[Question] D2KB - Removal of non-matching response before the evaluation

Hi, I would like to ask about the GERBIL-D2KB. I have read the paper, the task documentation (https://github.com/AKSW/gerbil/wiki/D2KB) and a related issue (https://github.com/AKSW/gerbil/issues/119) but am still uncertain whether the non-matching responses are counted as false positives or not.

Let's have an example. The golden standard is for mentions G=(a,b,d) The system returns queries for A=(a,b,c). Let's say the queries for a,b are correct by strong annotation matching.

I know that c is removed by strong annotation matching.
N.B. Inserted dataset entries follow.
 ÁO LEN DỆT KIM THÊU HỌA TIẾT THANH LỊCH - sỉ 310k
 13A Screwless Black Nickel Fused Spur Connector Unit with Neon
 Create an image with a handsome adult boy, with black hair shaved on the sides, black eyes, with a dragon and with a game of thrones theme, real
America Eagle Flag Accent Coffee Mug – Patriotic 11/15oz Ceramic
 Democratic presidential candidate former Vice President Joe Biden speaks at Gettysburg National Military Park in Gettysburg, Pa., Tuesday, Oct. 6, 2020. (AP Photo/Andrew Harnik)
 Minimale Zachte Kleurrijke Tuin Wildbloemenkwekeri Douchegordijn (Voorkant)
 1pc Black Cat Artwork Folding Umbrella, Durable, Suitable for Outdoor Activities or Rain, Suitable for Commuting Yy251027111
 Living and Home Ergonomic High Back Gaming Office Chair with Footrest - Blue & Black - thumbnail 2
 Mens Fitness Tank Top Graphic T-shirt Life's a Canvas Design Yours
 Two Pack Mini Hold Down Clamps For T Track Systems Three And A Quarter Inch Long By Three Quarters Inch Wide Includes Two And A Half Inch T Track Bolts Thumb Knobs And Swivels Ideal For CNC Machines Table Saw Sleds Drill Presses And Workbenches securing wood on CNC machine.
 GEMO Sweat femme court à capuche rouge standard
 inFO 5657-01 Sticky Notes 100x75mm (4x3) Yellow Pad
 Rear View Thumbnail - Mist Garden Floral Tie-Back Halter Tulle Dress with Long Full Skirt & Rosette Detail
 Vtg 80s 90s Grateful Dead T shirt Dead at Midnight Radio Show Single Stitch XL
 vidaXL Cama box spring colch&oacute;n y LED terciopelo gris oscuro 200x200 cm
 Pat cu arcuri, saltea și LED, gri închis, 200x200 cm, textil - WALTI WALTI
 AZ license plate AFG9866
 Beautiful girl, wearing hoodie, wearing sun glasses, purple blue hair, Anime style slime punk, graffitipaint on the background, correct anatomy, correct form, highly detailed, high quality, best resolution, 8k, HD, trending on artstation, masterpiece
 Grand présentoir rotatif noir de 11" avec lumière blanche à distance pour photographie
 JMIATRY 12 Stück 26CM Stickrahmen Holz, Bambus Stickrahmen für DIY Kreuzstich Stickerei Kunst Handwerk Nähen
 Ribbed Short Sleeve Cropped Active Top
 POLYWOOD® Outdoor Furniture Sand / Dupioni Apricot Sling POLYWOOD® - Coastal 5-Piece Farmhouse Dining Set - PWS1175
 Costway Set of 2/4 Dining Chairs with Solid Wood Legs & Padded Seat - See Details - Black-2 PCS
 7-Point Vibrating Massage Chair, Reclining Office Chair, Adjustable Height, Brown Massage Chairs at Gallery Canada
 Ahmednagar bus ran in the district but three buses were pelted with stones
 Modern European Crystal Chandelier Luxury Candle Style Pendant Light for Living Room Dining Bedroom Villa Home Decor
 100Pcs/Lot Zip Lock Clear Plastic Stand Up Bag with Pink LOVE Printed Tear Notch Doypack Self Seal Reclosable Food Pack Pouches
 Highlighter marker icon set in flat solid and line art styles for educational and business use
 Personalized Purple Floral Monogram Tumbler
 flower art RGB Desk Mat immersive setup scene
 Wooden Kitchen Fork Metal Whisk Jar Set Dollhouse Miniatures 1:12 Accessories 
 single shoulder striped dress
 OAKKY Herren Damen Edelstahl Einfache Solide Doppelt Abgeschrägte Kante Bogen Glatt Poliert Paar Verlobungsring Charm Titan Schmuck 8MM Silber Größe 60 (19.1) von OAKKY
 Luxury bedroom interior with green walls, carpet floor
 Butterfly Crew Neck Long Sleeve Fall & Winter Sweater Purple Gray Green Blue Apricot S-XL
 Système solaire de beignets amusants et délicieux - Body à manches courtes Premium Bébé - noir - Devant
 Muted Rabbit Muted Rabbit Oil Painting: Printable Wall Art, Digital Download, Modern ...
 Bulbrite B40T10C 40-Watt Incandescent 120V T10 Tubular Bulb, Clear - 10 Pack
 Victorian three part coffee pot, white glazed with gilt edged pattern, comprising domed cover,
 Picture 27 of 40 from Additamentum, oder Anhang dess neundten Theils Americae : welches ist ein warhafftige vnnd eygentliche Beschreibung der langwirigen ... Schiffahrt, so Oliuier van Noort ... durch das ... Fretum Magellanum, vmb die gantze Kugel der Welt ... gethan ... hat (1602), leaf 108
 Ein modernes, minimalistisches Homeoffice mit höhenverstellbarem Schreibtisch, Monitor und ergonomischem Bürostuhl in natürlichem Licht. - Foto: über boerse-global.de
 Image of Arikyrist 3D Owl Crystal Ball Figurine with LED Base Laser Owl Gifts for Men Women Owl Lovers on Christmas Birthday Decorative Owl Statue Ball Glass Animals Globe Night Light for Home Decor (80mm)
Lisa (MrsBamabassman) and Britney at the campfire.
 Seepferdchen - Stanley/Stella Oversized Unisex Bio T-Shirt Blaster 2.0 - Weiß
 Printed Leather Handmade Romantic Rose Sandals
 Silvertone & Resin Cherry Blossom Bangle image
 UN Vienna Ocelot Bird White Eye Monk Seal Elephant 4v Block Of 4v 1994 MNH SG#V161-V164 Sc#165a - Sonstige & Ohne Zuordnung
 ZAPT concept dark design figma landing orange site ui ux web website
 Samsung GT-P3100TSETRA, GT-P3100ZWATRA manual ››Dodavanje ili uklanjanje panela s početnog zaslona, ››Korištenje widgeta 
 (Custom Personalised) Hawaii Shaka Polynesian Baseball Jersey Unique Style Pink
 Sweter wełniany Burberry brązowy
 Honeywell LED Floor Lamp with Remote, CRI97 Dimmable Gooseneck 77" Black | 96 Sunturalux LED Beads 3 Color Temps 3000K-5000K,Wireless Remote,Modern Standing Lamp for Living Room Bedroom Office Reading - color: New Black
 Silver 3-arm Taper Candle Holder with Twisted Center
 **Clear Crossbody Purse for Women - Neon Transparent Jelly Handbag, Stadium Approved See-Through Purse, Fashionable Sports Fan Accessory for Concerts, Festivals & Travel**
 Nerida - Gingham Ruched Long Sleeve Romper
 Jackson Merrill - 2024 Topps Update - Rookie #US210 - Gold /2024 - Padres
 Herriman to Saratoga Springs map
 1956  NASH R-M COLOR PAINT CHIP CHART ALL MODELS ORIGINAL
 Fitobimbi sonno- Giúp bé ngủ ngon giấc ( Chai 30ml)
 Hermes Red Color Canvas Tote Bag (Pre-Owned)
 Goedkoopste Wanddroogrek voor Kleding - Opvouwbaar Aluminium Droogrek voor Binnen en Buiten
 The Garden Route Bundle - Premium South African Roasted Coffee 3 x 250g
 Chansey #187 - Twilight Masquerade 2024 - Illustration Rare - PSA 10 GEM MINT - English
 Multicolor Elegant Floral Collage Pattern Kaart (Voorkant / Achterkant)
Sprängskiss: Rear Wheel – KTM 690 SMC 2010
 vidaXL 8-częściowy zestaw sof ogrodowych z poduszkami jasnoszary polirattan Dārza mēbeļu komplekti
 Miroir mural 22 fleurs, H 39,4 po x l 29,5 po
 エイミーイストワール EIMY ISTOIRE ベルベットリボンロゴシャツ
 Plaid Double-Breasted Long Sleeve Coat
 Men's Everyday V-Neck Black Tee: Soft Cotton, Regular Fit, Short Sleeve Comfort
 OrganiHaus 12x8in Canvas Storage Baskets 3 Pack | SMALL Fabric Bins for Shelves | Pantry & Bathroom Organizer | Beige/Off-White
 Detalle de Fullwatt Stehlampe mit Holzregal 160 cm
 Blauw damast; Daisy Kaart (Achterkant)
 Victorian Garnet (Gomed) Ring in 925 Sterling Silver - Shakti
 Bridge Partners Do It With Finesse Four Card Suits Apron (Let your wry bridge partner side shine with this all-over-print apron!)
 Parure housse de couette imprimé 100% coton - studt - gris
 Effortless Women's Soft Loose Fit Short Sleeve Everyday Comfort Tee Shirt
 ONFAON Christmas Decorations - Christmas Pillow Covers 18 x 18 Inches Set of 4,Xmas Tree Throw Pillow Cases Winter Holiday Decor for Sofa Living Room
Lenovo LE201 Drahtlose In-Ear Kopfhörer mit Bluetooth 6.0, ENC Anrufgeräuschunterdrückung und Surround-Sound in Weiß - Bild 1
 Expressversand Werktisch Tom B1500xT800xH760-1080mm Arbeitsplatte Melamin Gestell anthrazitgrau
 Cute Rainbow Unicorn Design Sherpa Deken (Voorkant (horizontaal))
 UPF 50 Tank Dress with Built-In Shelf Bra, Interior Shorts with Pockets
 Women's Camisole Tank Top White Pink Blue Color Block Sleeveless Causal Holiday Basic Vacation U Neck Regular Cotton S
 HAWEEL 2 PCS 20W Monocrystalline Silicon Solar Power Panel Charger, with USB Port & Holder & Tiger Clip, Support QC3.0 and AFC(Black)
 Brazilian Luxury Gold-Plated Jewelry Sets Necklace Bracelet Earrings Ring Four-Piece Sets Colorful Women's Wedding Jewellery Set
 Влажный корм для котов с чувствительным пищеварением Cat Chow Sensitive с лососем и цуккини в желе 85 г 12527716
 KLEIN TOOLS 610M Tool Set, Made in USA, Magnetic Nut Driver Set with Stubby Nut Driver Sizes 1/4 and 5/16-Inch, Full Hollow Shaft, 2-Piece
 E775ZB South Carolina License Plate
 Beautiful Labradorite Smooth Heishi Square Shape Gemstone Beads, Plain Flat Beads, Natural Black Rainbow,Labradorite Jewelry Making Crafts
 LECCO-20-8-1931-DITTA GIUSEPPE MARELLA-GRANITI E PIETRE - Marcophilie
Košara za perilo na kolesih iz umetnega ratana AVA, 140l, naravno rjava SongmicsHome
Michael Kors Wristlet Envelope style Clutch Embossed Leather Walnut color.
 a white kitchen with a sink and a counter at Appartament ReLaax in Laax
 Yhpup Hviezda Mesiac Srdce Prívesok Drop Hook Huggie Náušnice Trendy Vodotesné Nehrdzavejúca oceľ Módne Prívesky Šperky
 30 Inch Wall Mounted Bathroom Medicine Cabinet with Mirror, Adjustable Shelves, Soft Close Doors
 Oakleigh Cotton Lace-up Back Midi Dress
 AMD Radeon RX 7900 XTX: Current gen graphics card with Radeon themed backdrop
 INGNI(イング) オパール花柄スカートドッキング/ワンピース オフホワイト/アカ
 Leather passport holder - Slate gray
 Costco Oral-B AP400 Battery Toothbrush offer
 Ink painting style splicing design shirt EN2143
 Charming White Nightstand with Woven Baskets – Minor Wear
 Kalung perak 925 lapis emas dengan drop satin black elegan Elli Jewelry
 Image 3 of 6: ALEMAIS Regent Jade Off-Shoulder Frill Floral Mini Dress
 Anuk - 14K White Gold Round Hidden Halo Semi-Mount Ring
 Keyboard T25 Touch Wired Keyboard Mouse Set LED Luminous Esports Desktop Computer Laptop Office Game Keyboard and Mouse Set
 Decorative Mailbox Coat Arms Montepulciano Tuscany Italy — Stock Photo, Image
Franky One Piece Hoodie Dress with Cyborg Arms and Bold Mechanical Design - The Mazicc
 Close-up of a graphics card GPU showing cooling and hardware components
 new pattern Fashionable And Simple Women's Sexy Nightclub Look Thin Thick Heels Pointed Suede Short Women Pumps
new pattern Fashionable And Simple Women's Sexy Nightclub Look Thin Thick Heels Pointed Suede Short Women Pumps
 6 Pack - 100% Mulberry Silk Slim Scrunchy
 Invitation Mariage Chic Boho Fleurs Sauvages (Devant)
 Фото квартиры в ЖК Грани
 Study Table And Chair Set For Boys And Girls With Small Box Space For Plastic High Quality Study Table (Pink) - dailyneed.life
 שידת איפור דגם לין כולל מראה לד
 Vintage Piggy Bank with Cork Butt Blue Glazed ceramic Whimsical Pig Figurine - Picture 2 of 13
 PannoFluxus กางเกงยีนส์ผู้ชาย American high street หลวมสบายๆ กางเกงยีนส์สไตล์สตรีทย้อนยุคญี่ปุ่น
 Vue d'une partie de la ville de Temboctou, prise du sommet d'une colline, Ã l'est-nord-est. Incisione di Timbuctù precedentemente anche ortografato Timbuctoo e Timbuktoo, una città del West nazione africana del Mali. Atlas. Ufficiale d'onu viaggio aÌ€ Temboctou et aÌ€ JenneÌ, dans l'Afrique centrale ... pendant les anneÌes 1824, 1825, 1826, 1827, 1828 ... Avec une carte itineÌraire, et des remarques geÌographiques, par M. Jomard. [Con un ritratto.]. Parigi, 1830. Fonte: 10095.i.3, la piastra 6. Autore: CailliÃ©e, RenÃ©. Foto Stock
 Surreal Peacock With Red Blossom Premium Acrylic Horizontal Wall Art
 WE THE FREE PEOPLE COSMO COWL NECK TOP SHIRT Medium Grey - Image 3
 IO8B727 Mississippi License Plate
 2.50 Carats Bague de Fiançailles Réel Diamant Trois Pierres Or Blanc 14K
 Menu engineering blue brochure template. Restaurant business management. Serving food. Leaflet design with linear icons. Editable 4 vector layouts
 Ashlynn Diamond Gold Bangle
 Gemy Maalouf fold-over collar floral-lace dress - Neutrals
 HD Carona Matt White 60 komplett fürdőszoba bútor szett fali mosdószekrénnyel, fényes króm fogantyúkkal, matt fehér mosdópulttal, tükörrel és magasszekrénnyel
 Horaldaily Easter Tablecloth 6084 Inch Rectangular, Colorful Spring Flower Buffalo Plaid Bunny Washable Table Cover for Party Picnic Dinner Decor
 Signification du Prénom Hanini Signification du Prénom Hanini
My question is whether c is counted as a false positive during the calculation of precision. When I read the task documentation, I thought c is not counted as a false positive as "all entities that do not exactly match one of the marked entities in the gold standard are removed from the response of the annotator BEFORE IT IS EVALUATED."

So there are two ways 1/if c is counted as false positive. Precision is 2/3=len([a,b])/len([a,b,c,]). Recall=2/3=len([a,b])/len([a,b,d]) 2/if c is not counted as false positive. Precision is 1=len([a,b])/len([a,b]). Recall=2/3=len([a,b])/len([a,b,d])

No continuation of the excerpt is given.